Perché il governo italiano non gioca a fare il gladiatore con Google&Co.

Ermes Antonucci
Dibattito su presente e futuro dei media, in un report dell’Istituto Bruno Leoni sul sistema audiovisivo. Buone notizie per l’informazione online.

Il dibattito attorno alla regolamentazione, soprattutto fiscale, dell'attività svolta nei paesi europei dai giganti hi-tech americani – i cosiddetti Over the top (Ott): Google, Apple, Microsoft, Amazon, Facebook e tutti gli altri – è più volte sfociato in una sterile quanto pretestuosa caccia alle streghe. "Liberalizzare il mercato digitale, dando però una mano alle imprese europee" è il tentativo un po’ paradossale in cui si sono impegnati molti paesi e le stesse istituzioni Ue nell'affrontare il delicato tema della concorrenza e della tassazione del web.
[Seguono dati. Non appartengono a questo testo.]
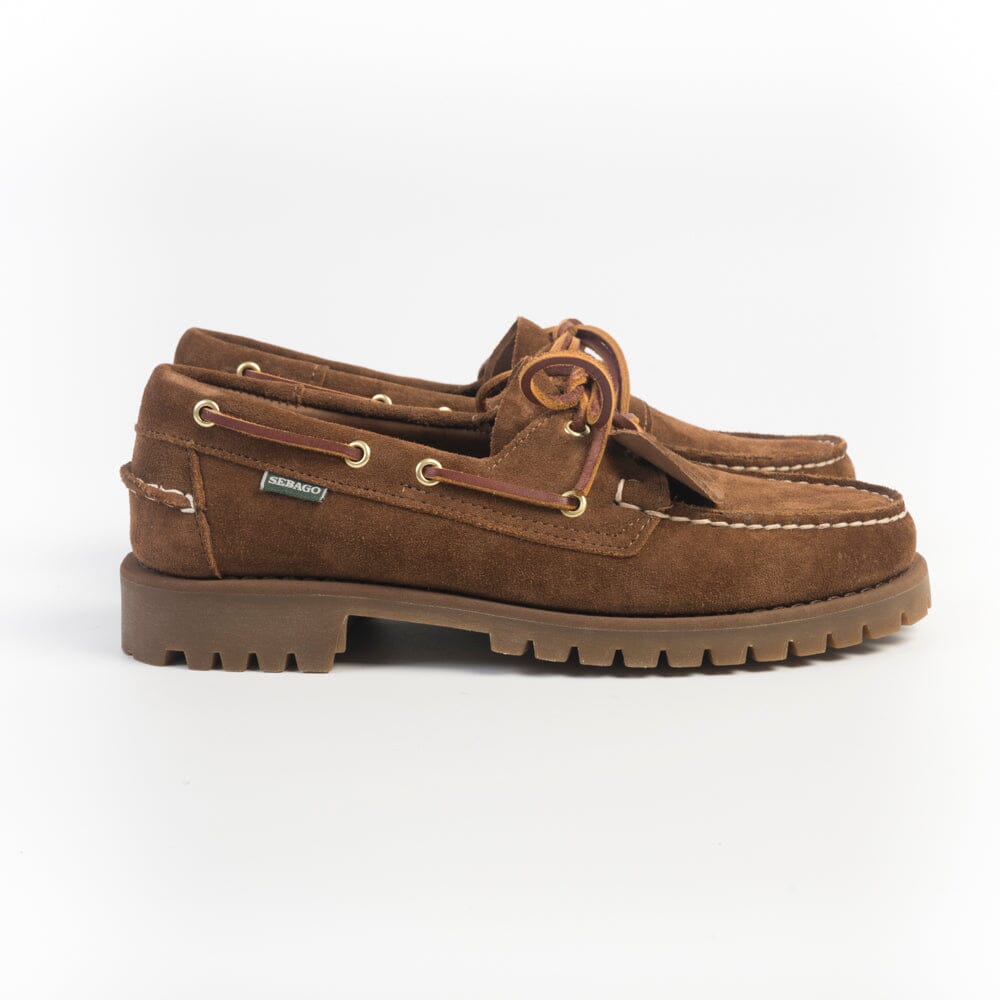 SEBAGO - Ranger Camoscio - 77128QW AH2 - Snuff Gum Scarpe Uomo SEBAGO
Un approccio che non ha mancato di mostrarsi anche all'interno dei nostri confini nazionali, ma dal quale il governo italiano esprime oggi l'intenzione di distanziarsi, sulla base di una prospettiva più attenta al libero mercato. Lo fa, con decisione, per bocca del sottosegretario allo Sviluppo economico Antonello Giacomelli.

 

"Di fronte all'attività degli Ott, alcuni paesi hanno scelto soluzioni gladiatorie, o che negli annunci volevano essere tali, ma i cui effetti non sempre sono stati pari a questa esibizione di muscoli, anzi, abbiamo visto delle retromarce piuttosto pietose", ha affermato in maniera netta il sottosegretario allo Sviluppo Economico a un convegno organizzato giovedì dall'Istituto Bruno Leoni proprio in tema di evoluzione del sistema audiovisivo. Né il sottosegretario è stato meno duro nei riguardi degli interventi che in alcune aree del continente si profilano all'orizzonte: "Il tentativo di Francia e Germania di dar vita ad un motore di ricerca che diventi l'alternativa a Google, che sia fortemente 'consigliato' alle scuole e che sia finanziato direttamente dai governi e sovvenzionato dai fondi Juncker, rappresenta un tentativo tra il patetico e l'autarchico; al pari delle normative severissime e draconiane, che poi hanno prodotto ben poco".

 

Il governo italiano, ha spiegato Giacomelli, non ha accettato di stare a questo gioco, fatto di manovre nella sostanza più simboliche e demagogiche che concrete, e ha invece voluto portare avanti un approccio basato su dialogo e pragmatismo: "Noi abbiamo provato ad affrontare il problema con il confronto, innanzitutto con l'amministrazione degli Stati Uniti, partendo dalla convinzione che bisogna costruire condizioni di integrazione dei modelli. Con Google e gli altri abbiamo così avviato un confronto, senza ovviamente tacere dei problemi, e qualche passo in avanti si è fatto. Il fatto che il garante italiano per la privacy sia stato il primo in Europa a siglare un accordo con Google, è un risultato significativo, anche se di certo non esaurisce la questione".

 

E la questione, spiegata in altri termini - quelli utilizzati da Franco Debenedetti, presidente dell'Istituto Bruno Leoni -, è molto semplicemente che nello sforzo di imporre regole e vincoli ai colossi digitali, i soggetti pubblici di regolazione "cercano di rincorrere affannosamente ciò che il mercato continua a proporre", apparendo così "come i nani che cercano di imbrigliare Gulliver".

 

Il mercato di Internet nel frattempo cresce, anche all'interno del settore dei contenuti editoriali, come illustrato da una ricerca realizzata proprio dall'Istituto Bruno Leoni e da e-Media Institute, dal titolo "Il sistema audiovisivo: evoluzione e dimensioni economiche". Quotidiani, periodici e libri continuano ad attrarre nel nostro Paese sempre meno risorse da parte di utenti e imprese, proseguendo la loro caduta verticale (meno 11,5 per cento tra il 2013 e il 2014). La televisione tiene, cedendo solo l'1 per cento, scavalcando in questa competizione al ribasso proprio l'editoria cartacea (raccogliendo 9,18 miliardi, contro 9,16). L'unico mezzo a salvarsi, neanche a dirlo, è Internet, che nel 2014 ha registrato una crescita del 16,3 per cento, attraendo risorse per 3 miliardi di euro. Un aumento che, tuttavia, non può compensare il crollo dell'intero mercato dei contenuti editoriali, che dal 2010 al 2014 ha visto bruciare in Italia circa 4,6 miliardi di euro.